Sin embargo, hay mañana después de una excursión a Parque Chas. Nosotros somos la prueba. Cuando está allí, uno respira un microclima extraño, ve que pasa algo raro, nota que el tiempo transcurre de otro modo, se pregunta qué hace en el centro del laberinto esa fuente horrorosa que después no resulta tan fea y que al final parece darle al barrio cierto extraño equilibrio. Pero puede volver, si procede con método. Si uno actúa de modo racional, con sangre fría, midiendo cada paso y actuando con calculada precisión, saldrá del paso. Por las dudas, llevar un amuleto (un diente de león, una pata de rana) ayuda.
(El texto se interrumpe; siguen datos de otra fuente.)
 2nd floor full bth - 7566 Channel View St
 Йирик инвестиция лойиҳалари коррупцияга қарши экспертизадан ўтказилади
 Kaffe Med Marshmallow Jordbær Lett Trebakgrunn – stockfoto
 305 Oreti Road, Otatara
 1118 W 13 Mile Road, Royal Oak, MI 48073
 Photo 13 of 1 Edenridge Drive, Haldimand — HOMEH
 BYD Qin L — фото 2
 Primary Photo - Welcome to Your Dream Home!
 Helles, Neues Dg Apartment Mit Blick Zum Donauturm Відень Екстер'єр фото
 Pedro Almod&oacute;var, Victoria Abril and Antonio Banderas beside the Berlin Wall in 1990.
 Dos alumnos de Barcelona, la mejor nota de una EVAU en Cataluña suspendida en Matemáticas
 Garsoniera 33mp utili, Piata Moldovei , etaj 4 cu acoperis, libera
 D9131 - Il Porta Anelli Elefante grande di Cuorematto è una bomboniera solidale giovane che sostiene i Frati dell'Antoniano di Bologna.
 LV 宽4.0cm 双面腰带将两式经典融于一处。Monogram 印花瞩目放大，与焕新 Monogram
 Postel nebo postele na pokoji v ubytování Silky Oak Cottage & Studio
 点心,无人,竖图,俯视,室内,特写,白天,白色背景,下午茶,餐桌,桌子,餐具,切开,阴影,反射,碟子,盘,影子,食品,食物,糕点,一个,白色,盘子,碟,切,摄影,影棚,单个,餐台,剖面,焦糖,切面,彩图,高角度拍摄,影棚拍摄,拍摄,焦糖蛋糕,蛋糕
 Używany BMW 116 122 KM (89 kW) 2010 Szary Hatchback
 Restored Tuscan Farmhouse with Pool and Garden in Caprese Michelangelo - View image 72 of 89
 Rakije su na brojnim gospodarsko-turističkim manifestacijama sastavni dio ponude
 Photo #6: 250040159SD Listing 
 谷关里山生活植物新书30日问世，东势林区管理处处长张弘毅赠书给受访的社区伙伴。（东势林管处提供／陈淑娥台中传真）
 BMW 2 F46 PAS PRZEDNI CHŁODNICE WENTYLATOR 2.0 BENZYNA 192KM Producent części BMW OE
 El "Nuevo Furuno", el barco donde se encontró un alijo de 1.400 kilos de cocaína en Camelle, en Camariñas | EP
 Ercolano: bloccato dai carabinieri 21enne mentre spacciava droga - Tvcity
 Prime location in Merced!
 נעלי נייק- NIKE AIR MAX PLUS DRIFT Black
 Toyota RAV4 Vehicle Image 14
El que sí se ha perdido es el gato. Ramón, se llama. Hace varias semanas que falta del hogar, y lo siguen buscando todavía. Pegan carteles con su foto. Ofrecen recompensa. Es negro, puro gato, sin sangre refinada, pero de todas formas lo extrañan en su casa. Circula el rumor de que lo vieron por Moscú y corren hasta allí, pero no está. Ahora dicen que lo vieron en Nápoles, oyendo canzonettas. Uno le ve la cola, otro el hocico, pero puesto que el escenario es tan sinuoso nunca aparece entero. Que haya cruzado el mar Mediterráneo es muy difícil. Más probable es que esté dando vueltas por Parque Chas, detrás de una Ramona perdida. ¿Tendrá hambre? Por las dudas, le dejamos en la esquina de Bauness y Bauness los restos de las barritas de cereal y una foto del dueño. Cuando nos vamos, nos parece escuchar un maullido.

SOBRE LOS AUTORES

Ambos periodistas nacieron en 1949. Laura ha trabajado como redactora y editora en revistas y diarios de Buenos Aires. Hugo trabaja en LA NACIÓN desde 1978 y actualmente dirige el suplemento cultural ADN. Ella adora viajar y vagar por cuanta ciudad del mundo pueda. El es un partidario algo extremo de la Reina del Plata y de sus habitantes, los porteños.